Blog / News

Book Discourse – Present

Posted by:

‘Present’ was critically discussed during a discourse session with the author – Serene Wee. The speaker for the session was Mohamed Pitchay Gani, a critique and lecturer from National Institution of Education and was facilitated by Nora Yuan de-Silva, a specialist teacher for English language. The session was held at the Earshot@Arts House, on Saturday – 29th October 2010 organised by the National Book Development Council Singapore.

Growing up in a shop house directly below a loving Malay family gave Serene an invaluable experience and countless treasured memories. The experience of her childhood days became so intertwined in her that, unknowingly, it seeped into her mind as she was writing her novel, ‘Present’. The novel centers on Mat, a young teenage boy who tries his adamant best in looking for a perfect gift for his mother. It is indeed a unique setting, when a Chinese author is able to vividly delve into and describe the customs and tradition of a Malay family, accurately and with such detail.

When asked, the cheerful and humble lady simply answered, “It was my great fortune to live so close to a Malay family who was so willing to share their life with me. I feel lucky to have this opportunity to know another ethnic group so intimately without being intrusive.”

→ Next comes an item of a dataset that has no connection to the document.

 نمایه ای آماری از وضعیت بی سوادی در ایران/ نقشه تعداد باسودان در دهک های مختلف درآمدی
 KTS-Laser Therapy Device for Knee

Indeed, Serene has successfully bring in the Malay culture through Mat and his family into a book that carries with it many universal values that can be appreciated by people from different racial groups. Through ‘Present’, the mind of a Singaporean thriving in a multi-racial setting can clearly be detected and be reckoned with, by others.

One who reads the book will learn to look at things with one’s heart and one will see whatever one’s desire. And will always remember to share the blessings that one’s received – forget it and it will forget thy.

‘Present’ is a heartwarming tale about a boy. About a boy who never scores goals when he play soccer nor is academically superior, but a boy who is so real, sensitive and heartwarming, it touches your soul.